December 03, 2017
- Material. It is important to understand the effect that material can have on process consistency. Molders need the ability to trust that the materials they are receiving are consistently produced and handled. For instance, we know for a fact that one nylon is not the same as another. They may perform in a similar fashion, but one material’s response may be totally different despite the base similarities. A process is established based on each specific blend. Every time a material change occurs (regardless if the material manufacturer insists they are the same), it is a brand-new material and a brand-new processing approach must be deployed.
- Changing auxiliary equipment. A thermolator, dryer, hot-runner controller and so forth are not the same when we are making every effort to ensure process consistency. It is highly recommended that molders marry equipment, molds and other systems to the same press. What this means is each component is physically bound to the same production press every time, so that there is no deviation in press and auxiliaries. Remember, every variation that is introduced into a process is a new process. It is also important to note that there are changes that occur to auxiliary equipment itself, which requires historical data to be collected: Thermolator valves stick causing overheating or poor heat dispersion, gallons-per-minute readings change, valve gates stop functioning. Monitor every condition available to you for verification of true process.
- Mold modification. Mold modification is generally implemented during the engineering stage, not on the production floor. If a mold is modified in any way, the process should be viewed as new until the modification has been revalidated. Never assume that a change to a mold will not affect the process in any way. Instead, consider the mold to be suspect, and review all historical data you have available to ensure that no real change has occurred. Your quality department needs to be fully aware of the modifications and should perform the proper layout inspections and testing, prior to the press being released for normal production.
- Watering and heating. Molds should be evaluated during the process engineering stage for proper cooling and heating dispersion, allowing base historical data to be established. Setup diagrams should be documented, and frequently updated. Turbulent flow to and from process (supply/return) should be measured in units of gpm/lpm. Steel temperature measurements are also critical components for measuring process changes over time. It is important to note that mold steel temperatures can vary in different areas of the mold due to heat exposure and flow differentials. Measure and record temperatures in multiple mold locations for historical reference.
- Process monitoring. Once a process has been validated as true and consistent, process monitoring is a primary key for measuring historical change. Fill time, screw rotate time, cushion, peak pressure and all other primary sources of process monitoring data quickly identify changes within the process. Monitoring is a reliable identifier that triggers reaction when the troubleshooting system is enacted. Verify all key monitoring measurables, and if you identify a significant variance, use that change to identify other changes that might have taken place, including the five M—man, mold, machine, material, maintenance—system of troubleshooting.

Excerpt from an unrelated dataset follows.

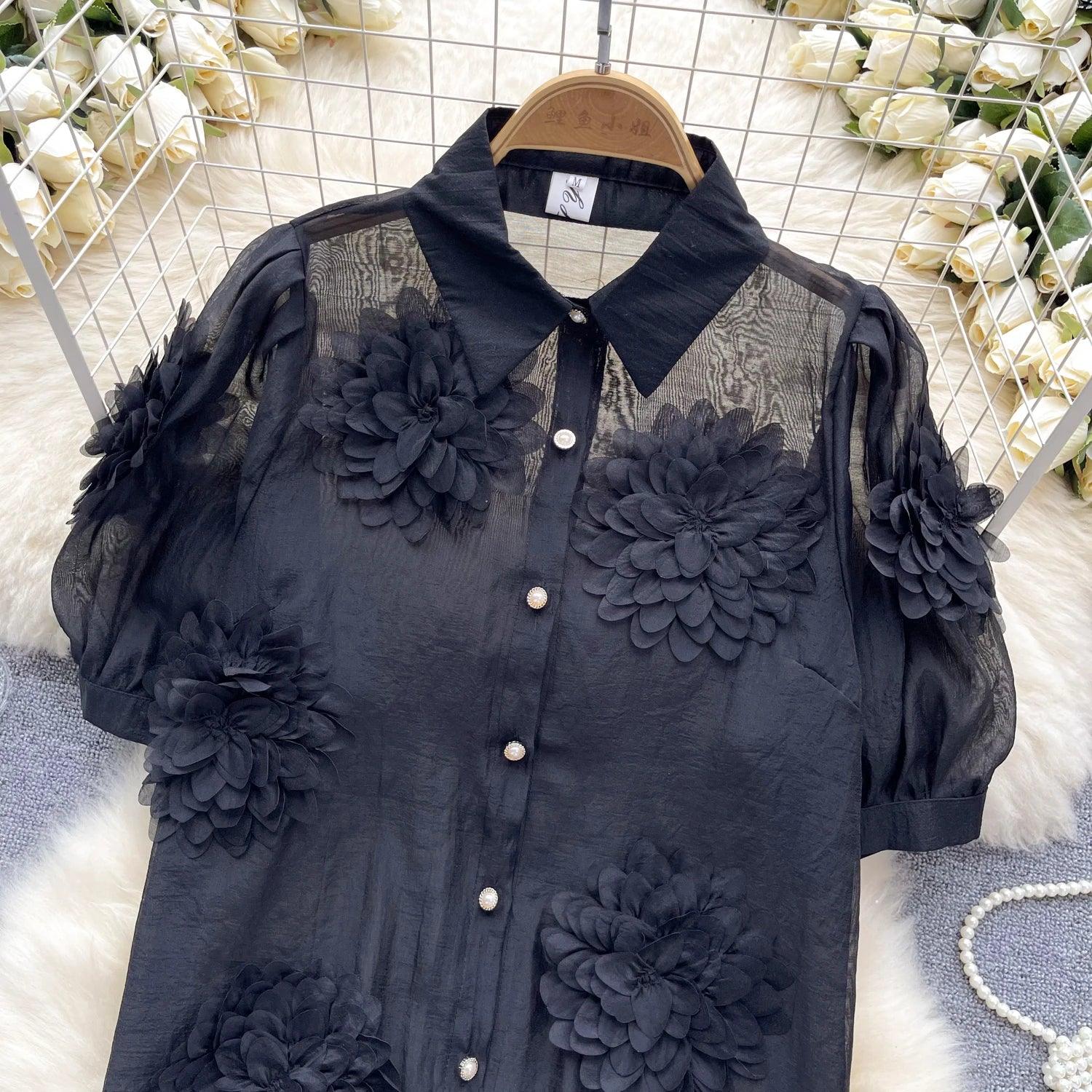 2024 French Chic 3D Flower Blouse - Trendy Mix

- Barrel temperature. Barrel temperature is not limited to set points—temperature actuals should also be monitored. Controller measurements that monitor actual temperature, as well as manual measurements of true barrel temperatures between heater bands, should be recorded and used to identify changes in temperature over time. In addition, watch for signs of worn heater bands, such as poorly heating zones at start up. Historical data of steel temperature data between bands throughout all zones will identify heater bands that are performing poorly, and quickly identify bands that need immediate replacement.